• YOUR TASK:
Look below for the line that contains "Used Zildjian ALCHEMY-E", then copy it and each following line exactly, through and including the line that contains "Alternative view of".

• DATA UNDER STUDY:
______________________________
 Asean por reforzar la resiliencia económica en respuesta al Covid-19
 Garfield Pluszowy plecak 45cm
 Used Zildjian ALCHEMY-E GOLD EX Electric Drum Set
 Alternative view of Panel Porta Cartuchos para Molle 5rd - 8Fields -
______________________________
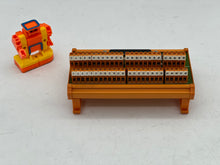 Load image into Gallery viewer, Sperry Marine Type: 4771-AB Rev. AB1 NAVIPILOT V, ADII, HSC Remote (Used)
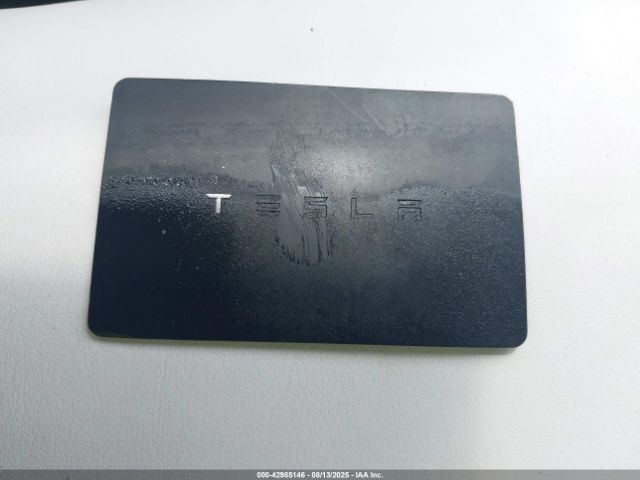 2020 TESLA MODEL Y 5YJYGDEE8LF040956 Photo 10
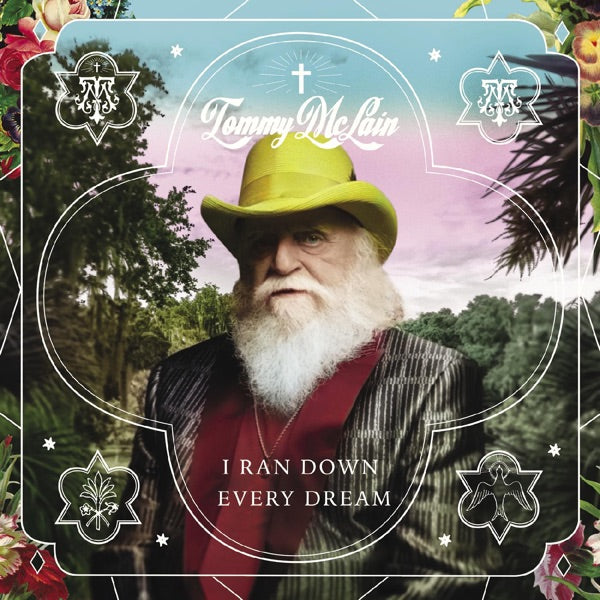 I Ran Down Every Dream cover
______________________________
• EXERCISE ANSWER:
 Used Zildjian ALCHEMY-E GOLD EX Electric Drum Set
 Alternative view of Panel Porta Cartuchos para Molle 5rd - 8Fields -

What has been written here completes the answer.